Only tighten mounting screws down enough to make them snug, never over tighten as this can flex the board, damage traces or cause short to ground faults.

Also, some of these boards have RAM compatibility issues, always double check the manufactures website to verify that the memory you intend on using is supported by the board. Generally, unsupported RAM may work but can be unstable, entirely unsupported RAM will generally cause a power on - no POST (if powering on at all). This also includes checking your BIOS version and update it to current if required.

(!!—never flash for the sake of flashing; if you don’t know what you’re doing you’ll brick your board —!!)

Thirdly, reseatting the memory is always good practice as sometimes the contacts are not aligned or properly touching.

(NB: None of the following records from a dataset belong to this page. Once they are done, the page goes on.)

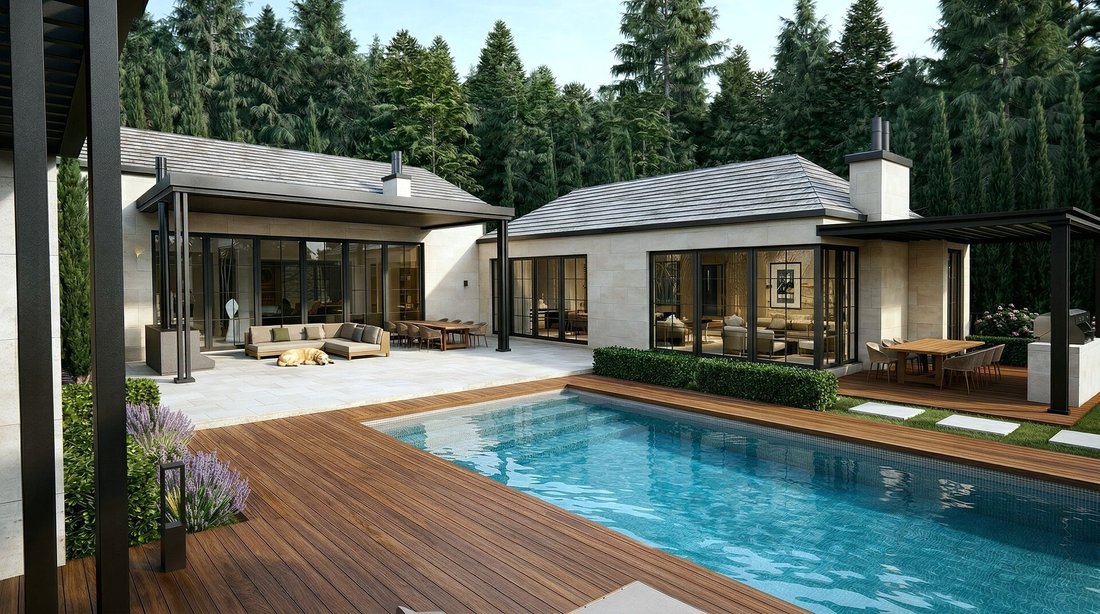 House in Winnetka, Illinois, United States 4 - 17696396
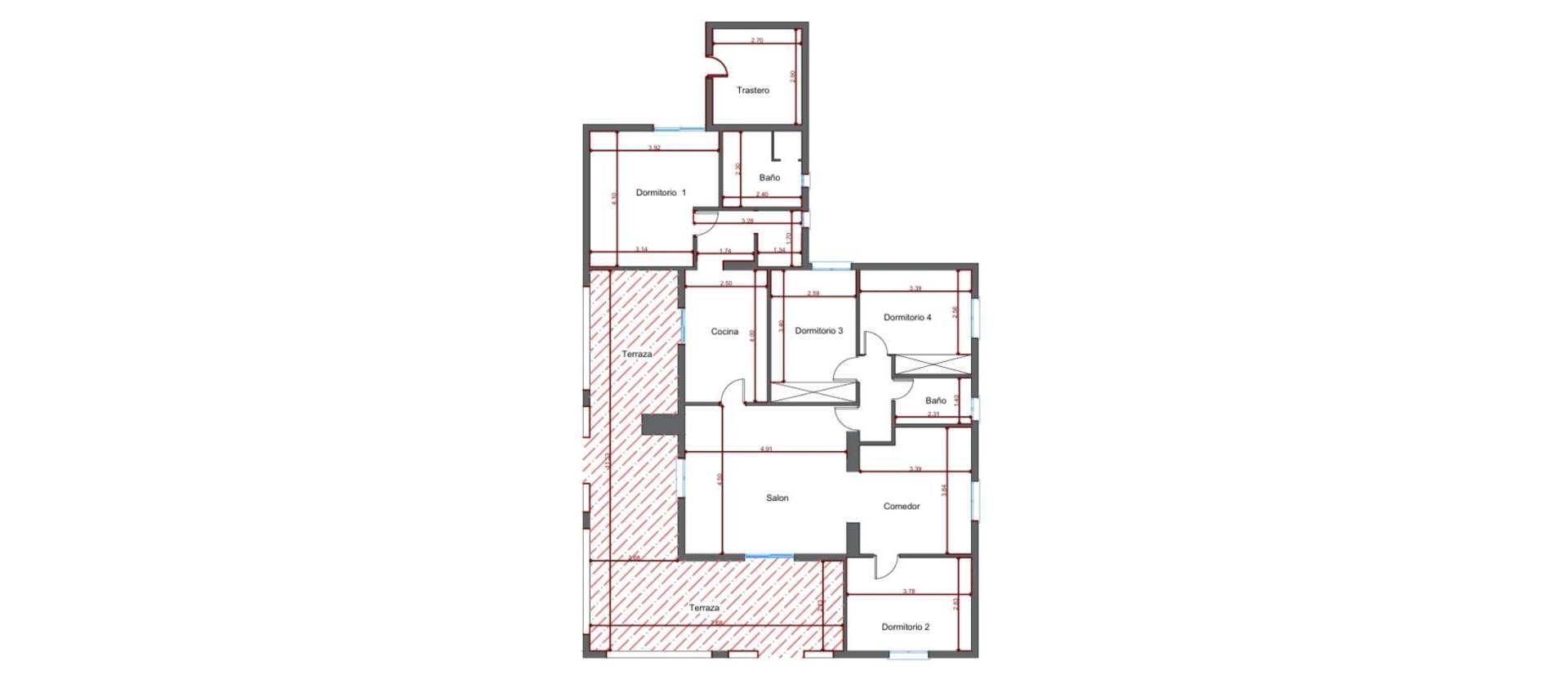 Bestaande woningen - Villa - Los Balcones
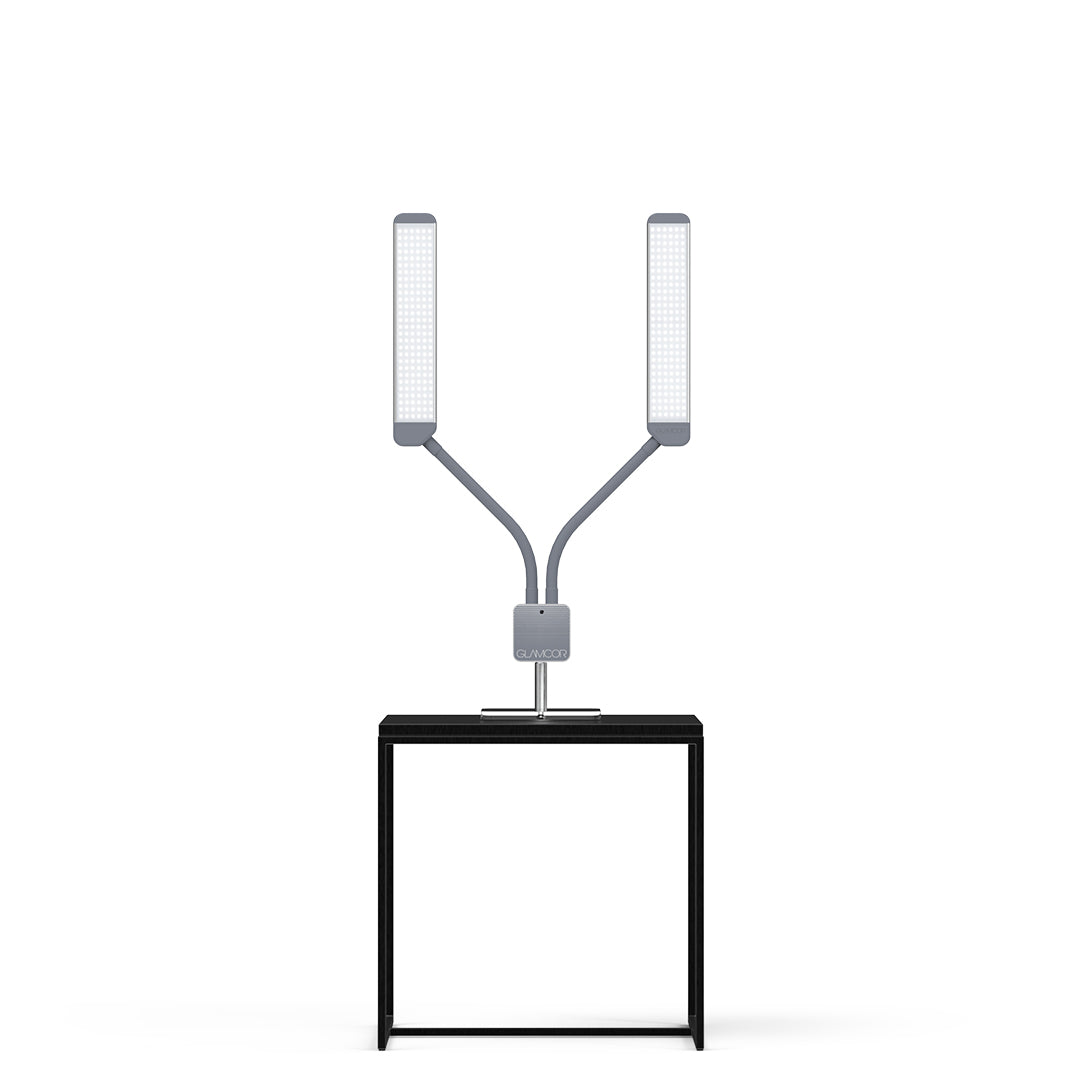 ULTRA X Table Top Light Kit - square base for perfect setup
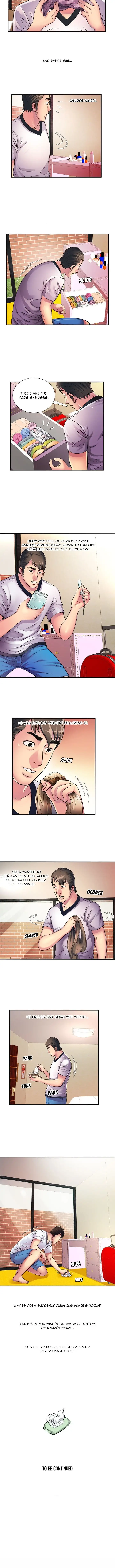 My Friend’s Dad Chapter 10 Page 5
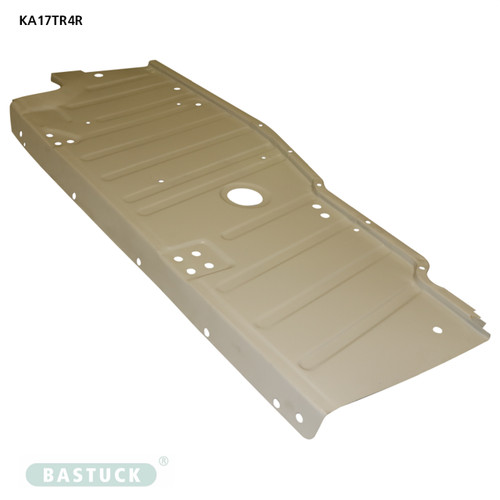 Plancher cote droit - cote, triumph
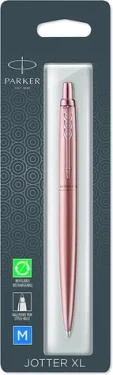 PARKER Jotter XL Monochrome Pink Gold hrot M / guličkové pero / farba náplne: modrá (2122759)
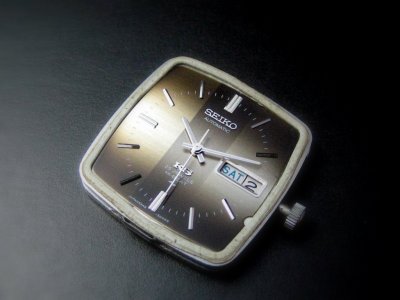 King SEIKO High Beat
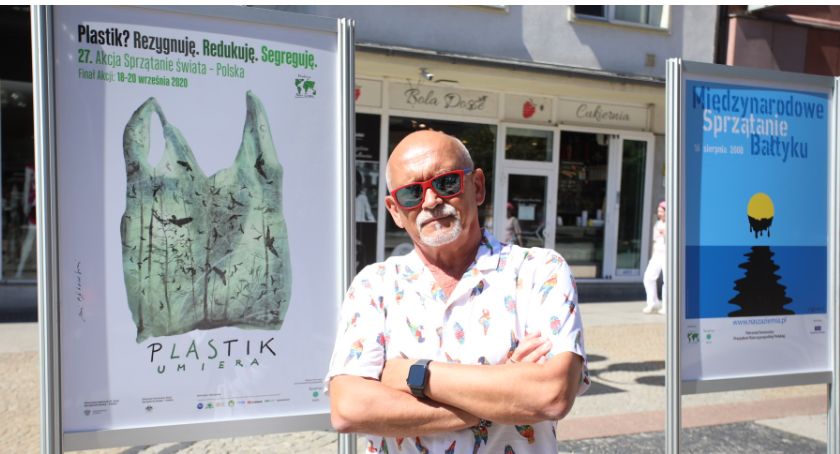 Wystawa plakatów „Andrzej Pągowski non profit dla Fundacji Nasza Ziemia” zainaugurowana!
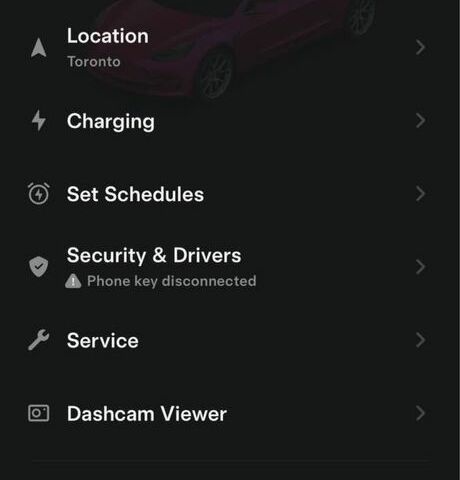 Черный Тесла Модель 3, объемом двигателя 0 л и пробегом 202 тыс. км за 12900 $, фото 9 на Automoto.ua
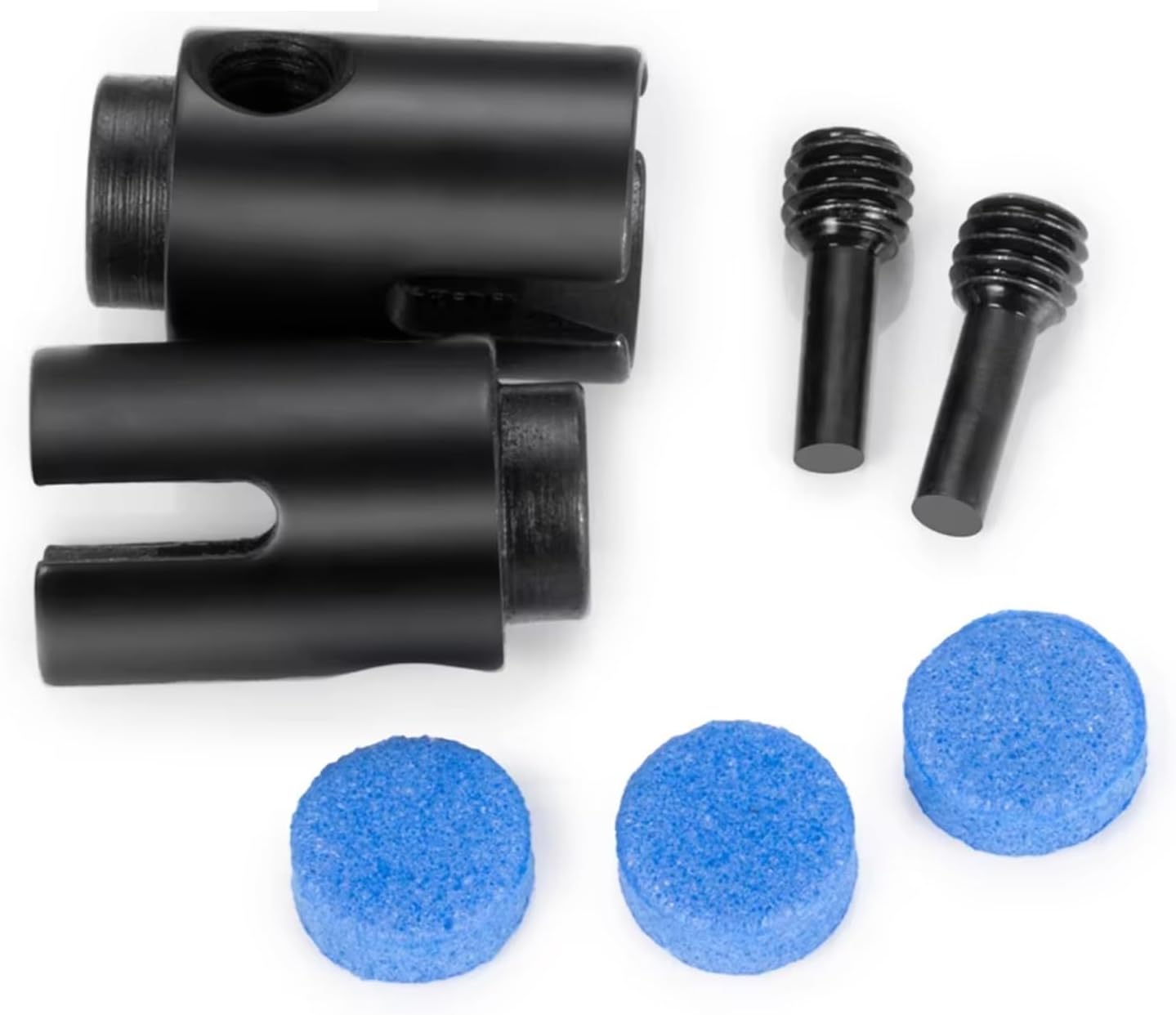 RC Differential Cup Set For Traxxas Axspeed Scale GT4-Tec 2.0 1/10 2 Pieces Steel Differential Drive Cup RC Car Model Upgrade Parts Accessories
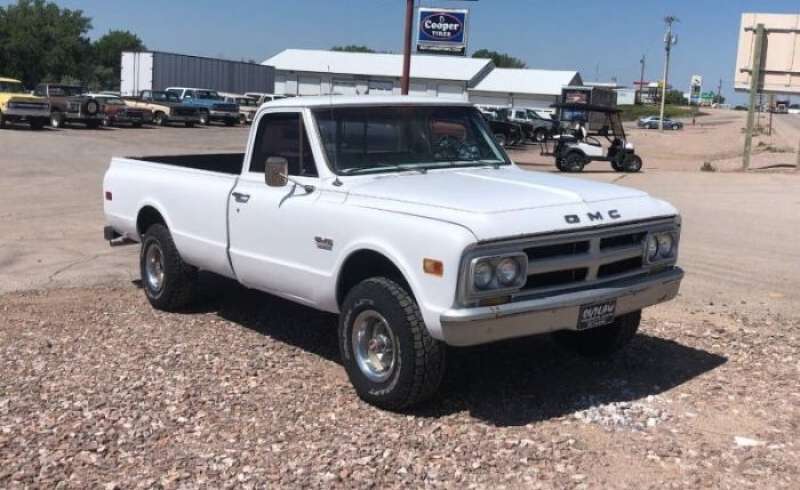 1968 GMC 1500 for sale in Michigan (ID-131449)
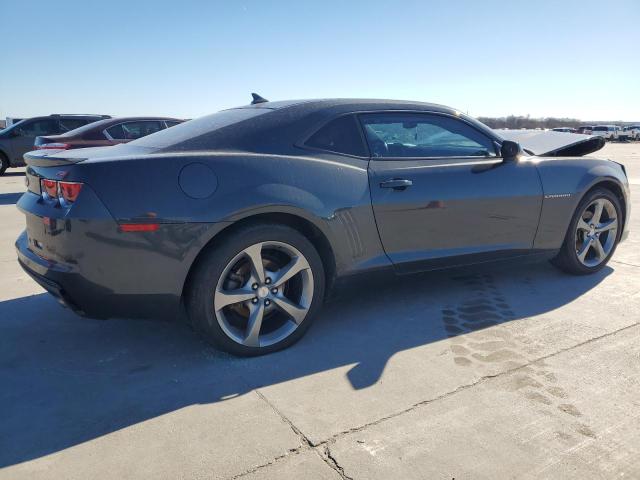 Photo 3 from auction – 2013 CHEVROLET CAMARO LT with VIN 2G1FC1E35D9201780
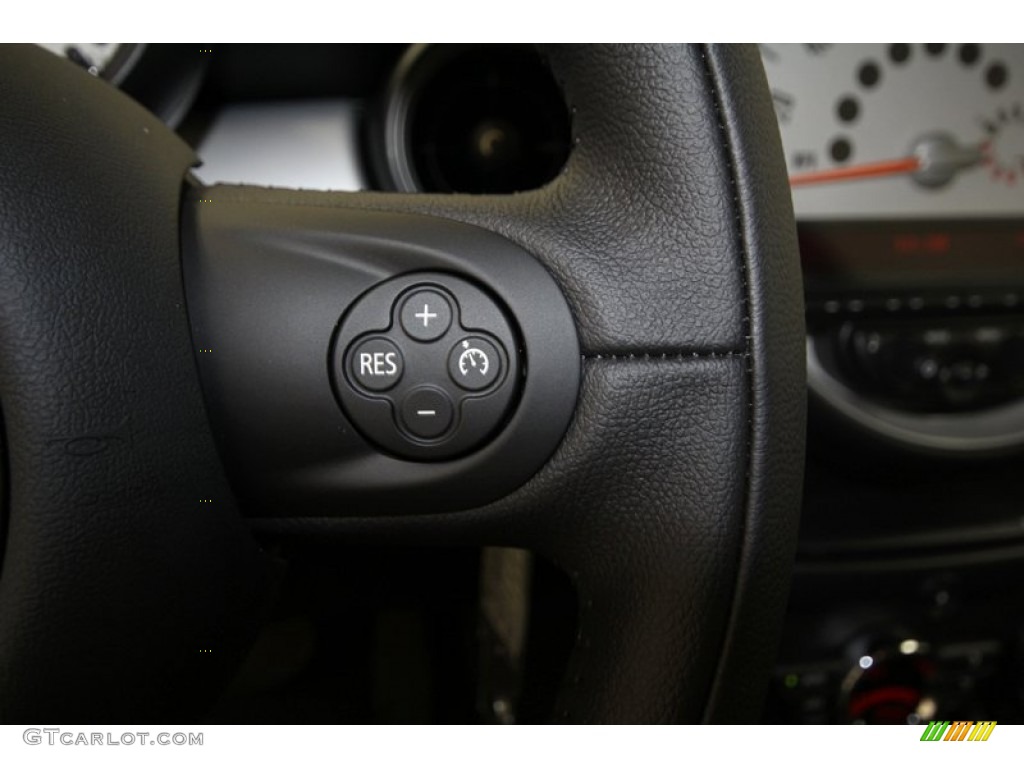 2013 Mini Cooper Hardtop Controls Photo #69754858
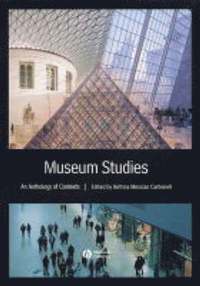 bokomslag Museum Studies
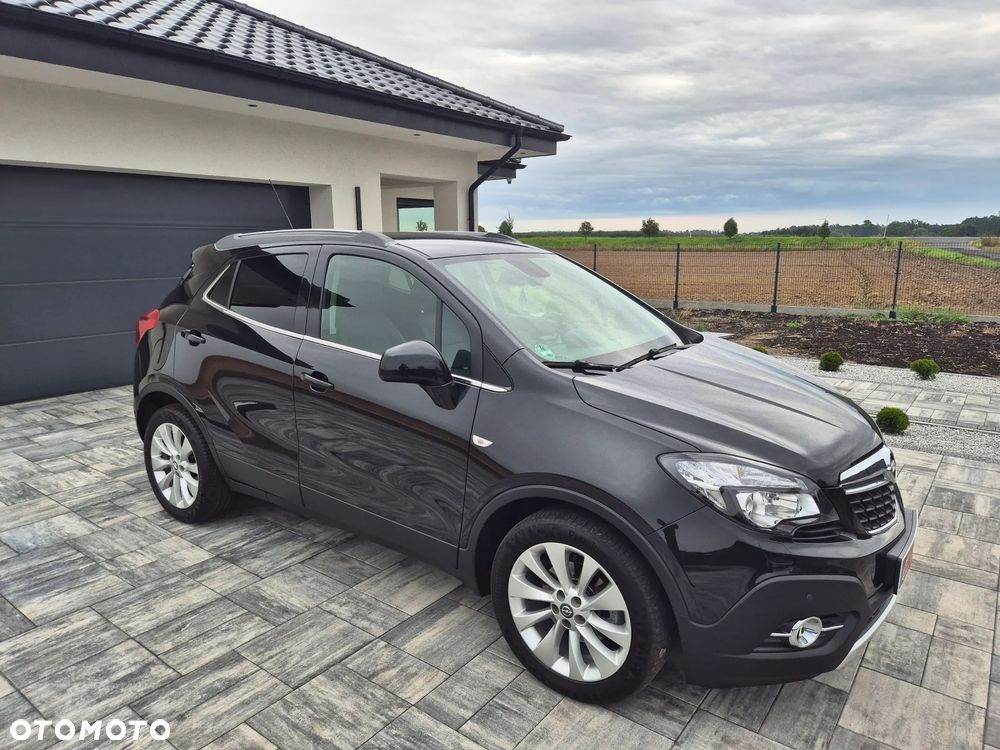 Opel Mokka 1.7 CDTI Cosmo S&S - 6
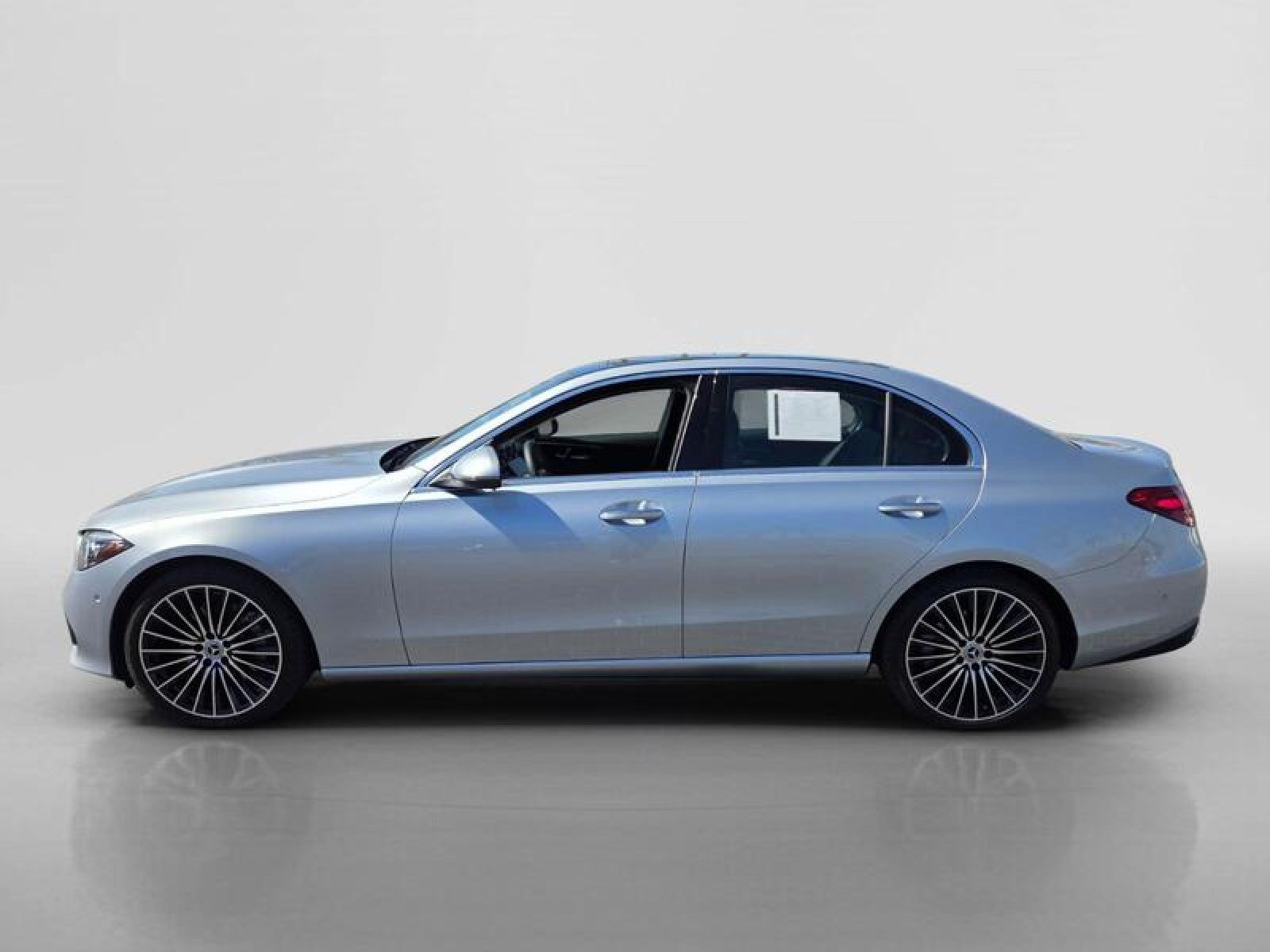 Certified 2026 Mercedes-Benz C 300 Sedan image 2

Finally it can come from the CPU as the clock has to synchronize with the RAM timing/clock. Failing to do so will either render the machine with a power no post or will be highly unstable. If you ever have a system you’re having issues with and believe it to be the board or CPU, the best way to test (b/c MOBOs have no real easy way to straight test it, it is either open or closed.) is to remove the memory entirely with only CPU connected. Turn the machine on and if it generates beep error codes, the board is functioning and looking to synchronize the CPU with the RAM. If not, then you are looking at a bad CPU or MOBO. The only way to really determine that is to use a test CPU supported by the board, putting memory and test CPU in, if the machine successfully POSTs, then we know its the CPU and not the motherboard.

Just throwing this out there for extra information, have fun!